Data under study =>
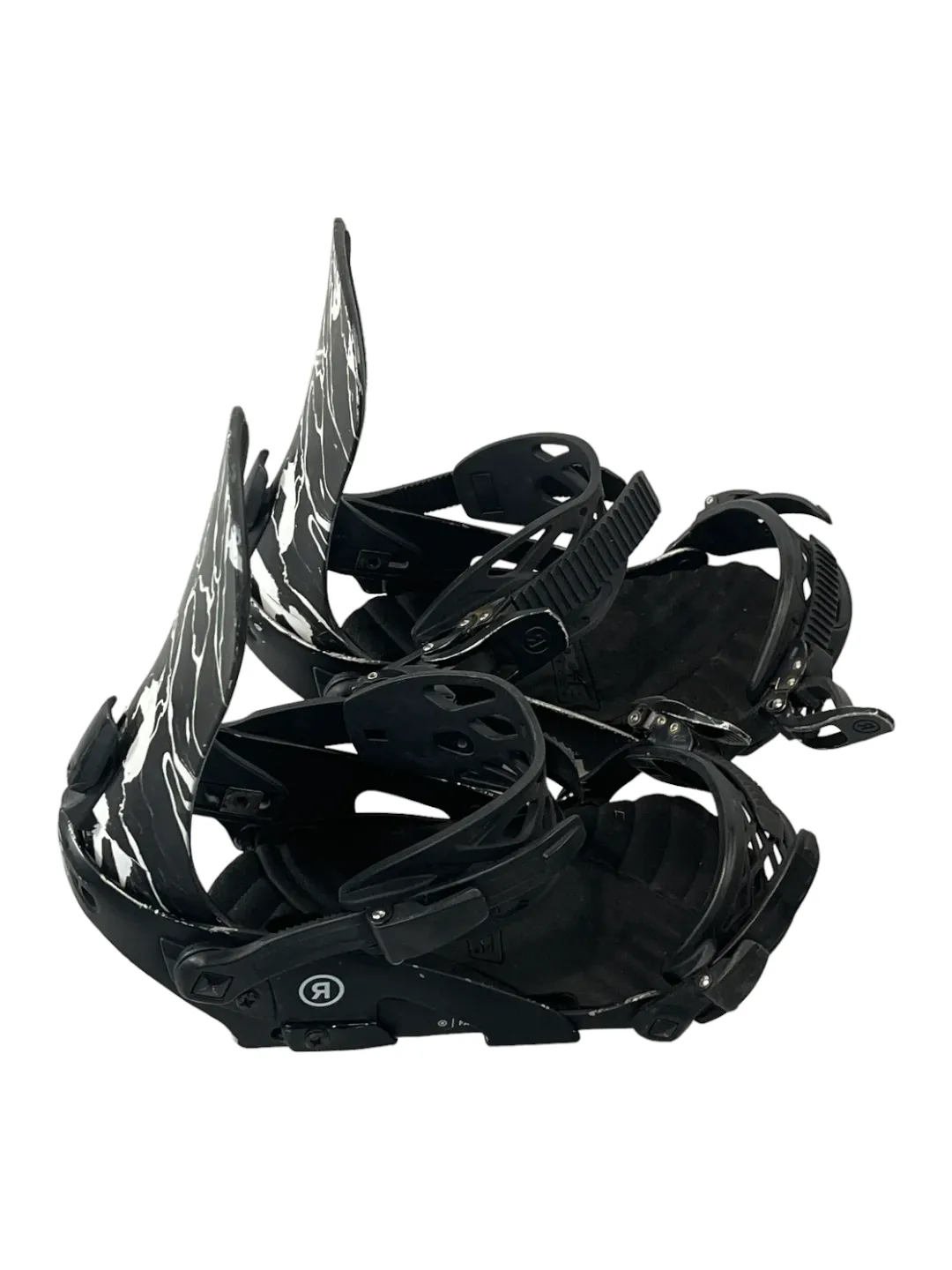 Ride Fame W Snowboard Bindings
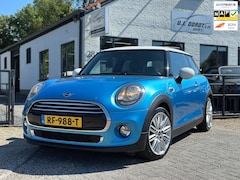 MINI Cooper - 1.5 Business super leuke auto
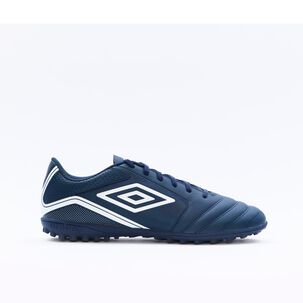 Zapatilla Fútbol Hombre Umbro Classico Xii Azul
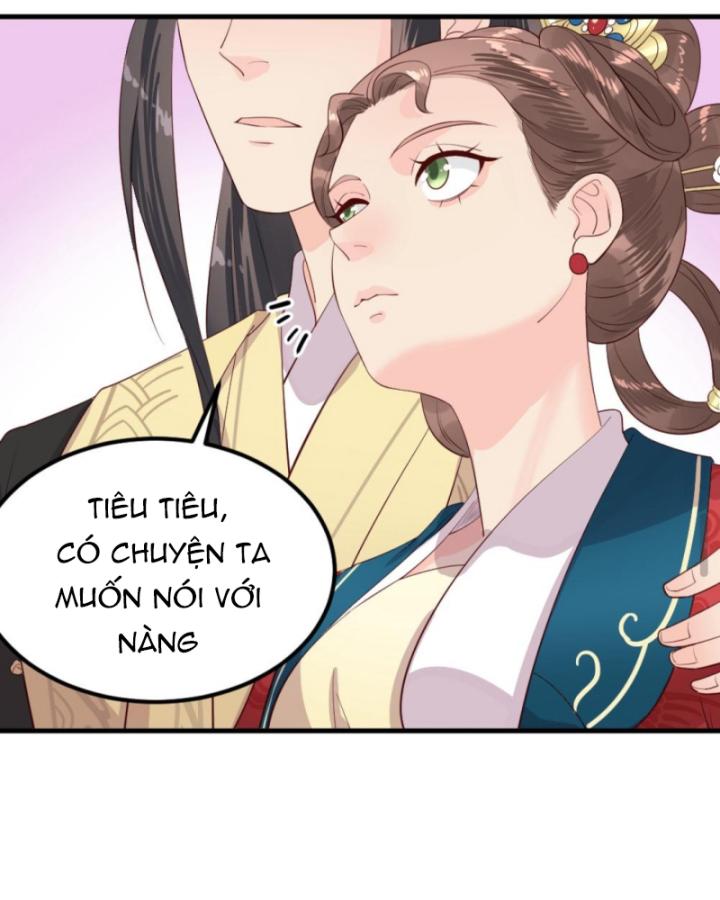 Bắt Ta Làm Cung Nữ? Ta Liền Cho Bạo Quân Quỳ Ván Giặt Đồ!!!! Chapter 300 - Trang 2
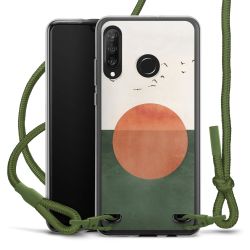 Carry Case fabric olive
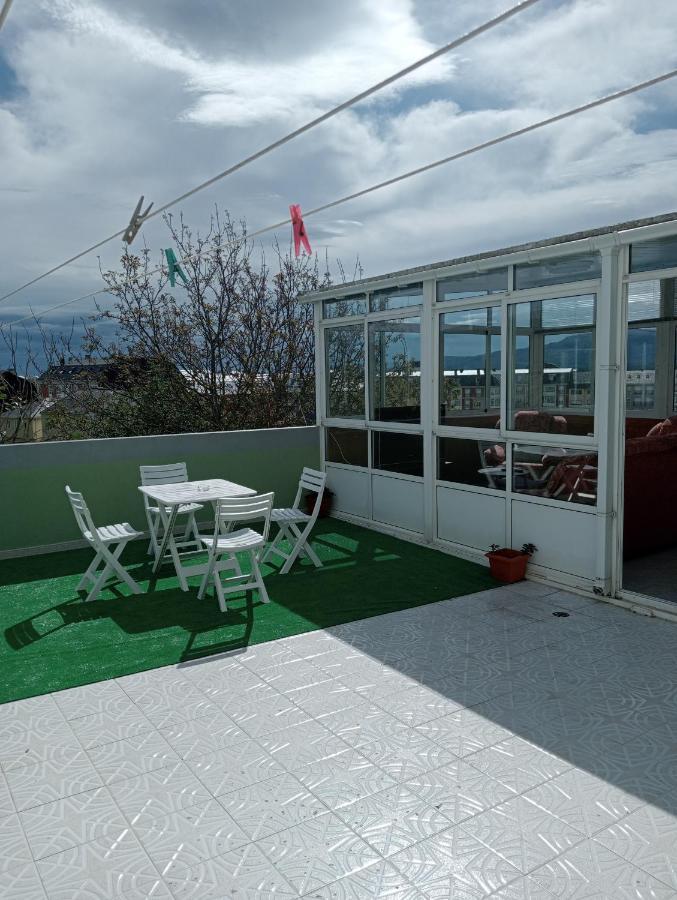 Casa Maria Villa Foz Buitenkant foto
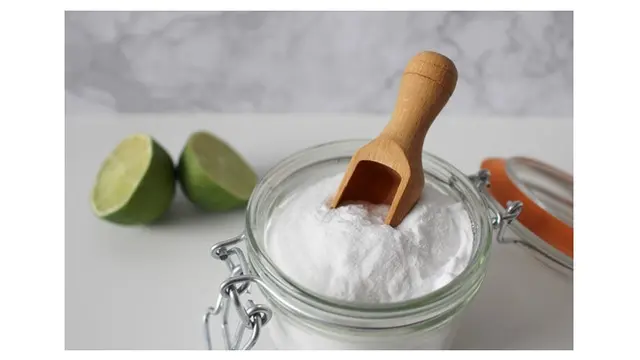 Cara Memutihkan Gigi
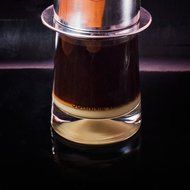 Vietnamese Coffee Filter Press. Screw Down Insert. Dripper Mechanism. Made in Vietnam. Sizes S, M, or L in 1,... N15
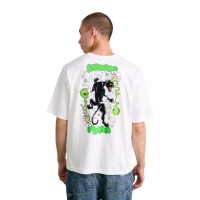 Tricou bărbătesc Puma X Ripndip Boxy Graphic Puma White, s.S imaginea #3 — magazin online Desire.md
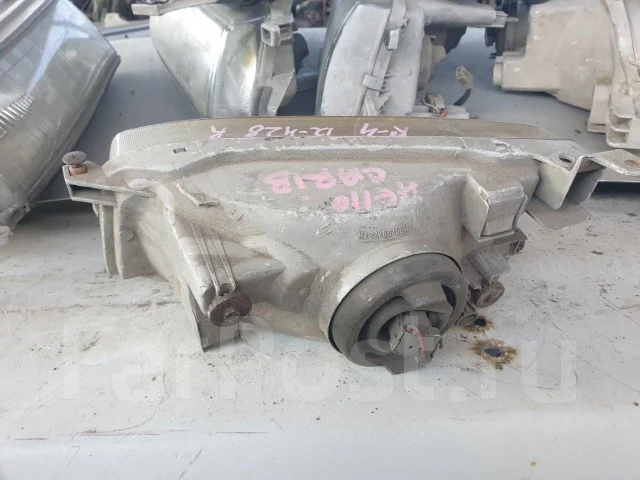 ���� Toyota Sprinter Carib, ������ 12428 ����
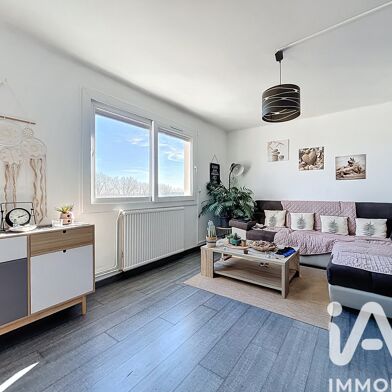 Appartement 2 pièces 100000 €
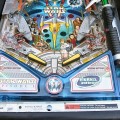Vignette Flippers Williams Star Wars Episode 1 12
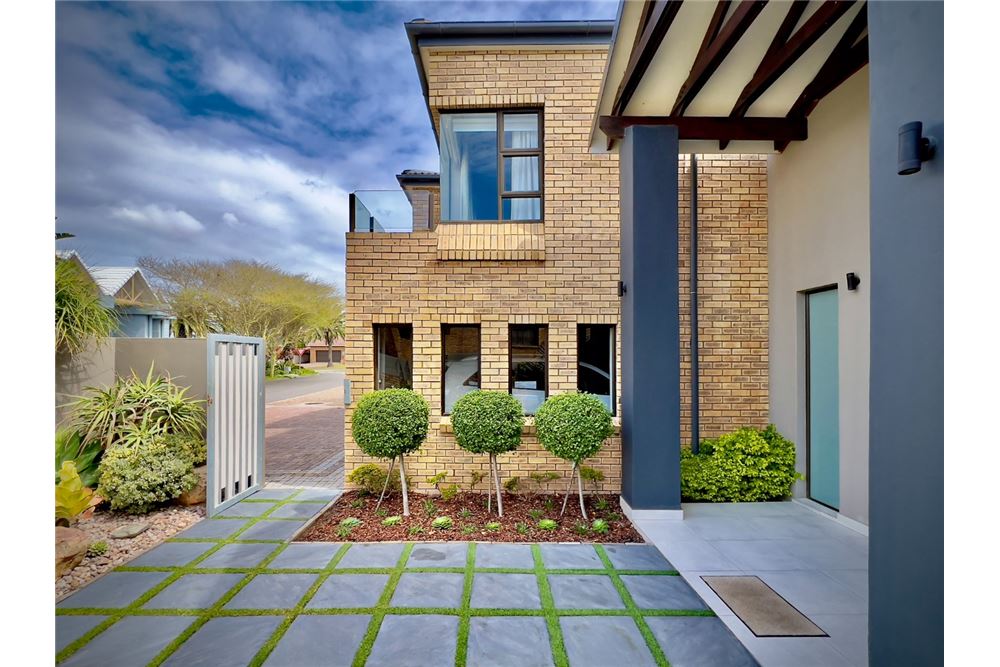 Gyvenamasis - Namas - Bayview, Western Cape - South Africa - 76 - 1031012001-40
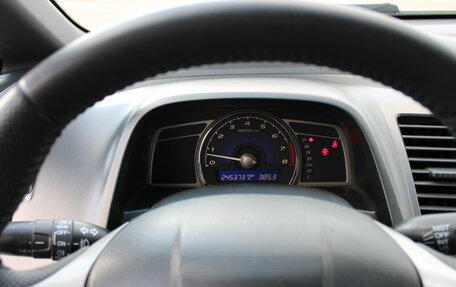 Honda Civic VIII, 2007 год, 679 000 рублей, 21 фотография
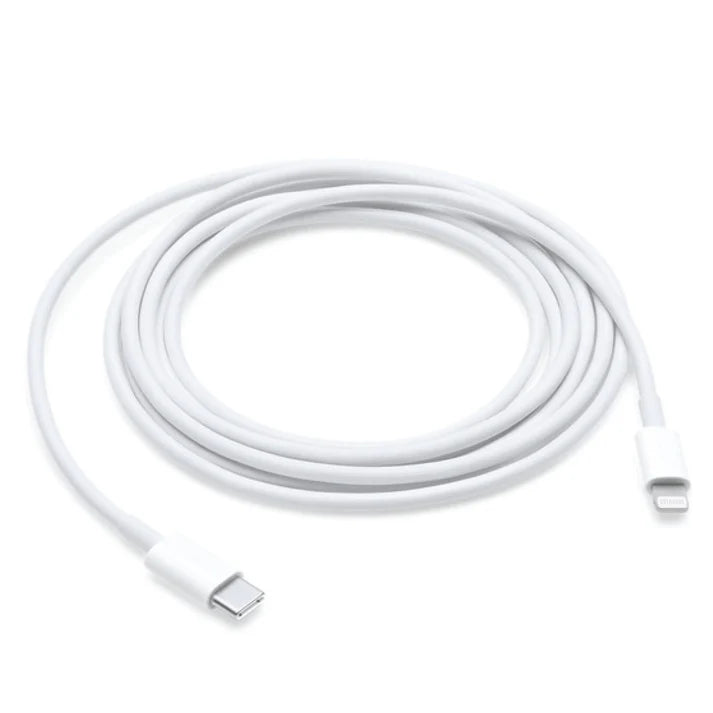 iPhone USB-C to Lightning Fast Charging Cable (1m) – AYE Originals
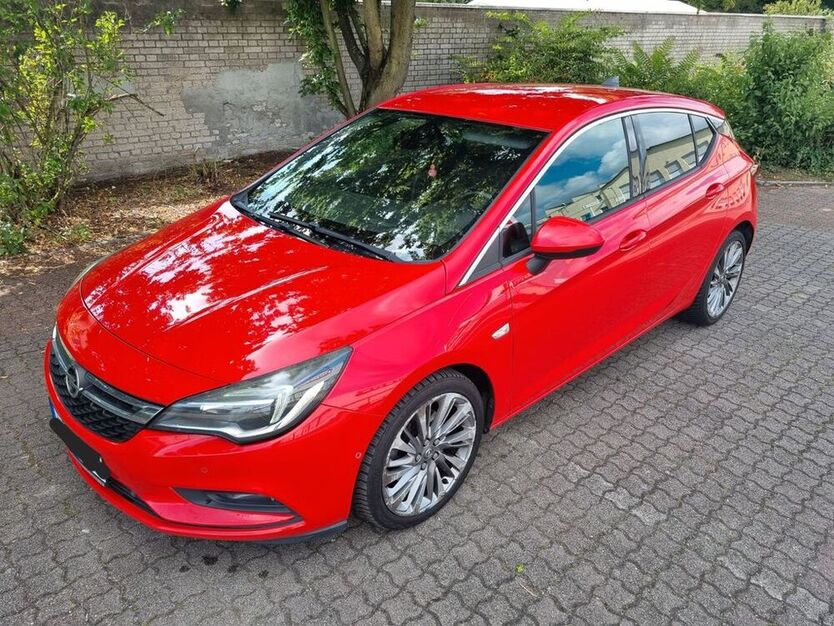Astra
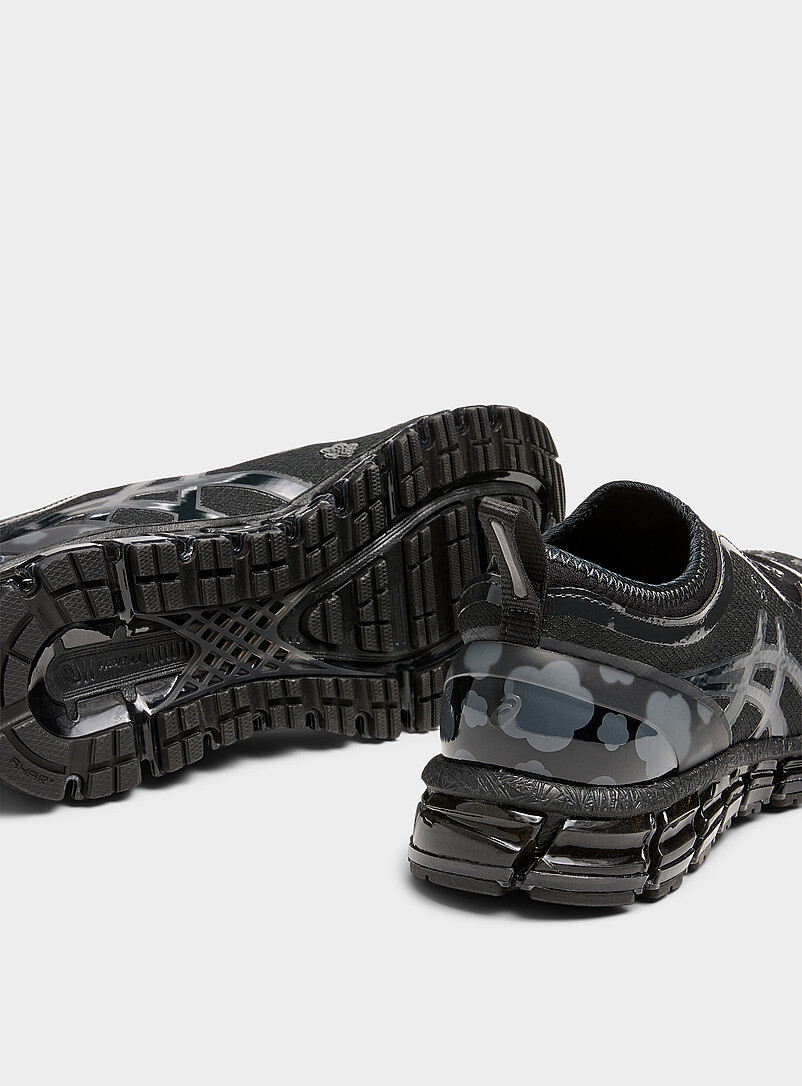 Gel-Quantum 360 floral sneakers product image 2
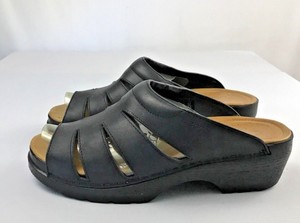 ecco sandals ebay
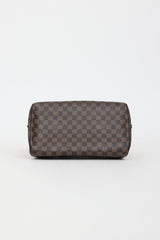Louis Vuitton 2022 Damier Ebene Ribera MM Bag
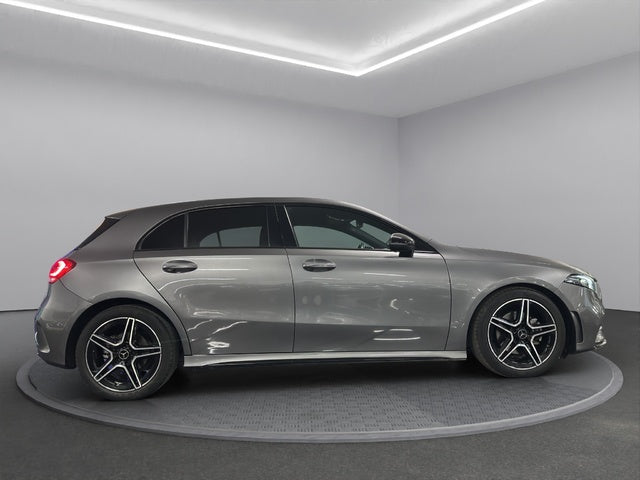 Mercedes-Benz Clase A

Exercise =>
Transcribe word for word only the lines from the one with "Louis Vuitton 2022 Damier Ebene Ribera MM Bag" through the end of the listing; every picture is to be omitted.

Answer to this problem =>
Louis Vuitton 2022 Damier Ebene Ribera MM Bag
 Mercedes-Benz Clase A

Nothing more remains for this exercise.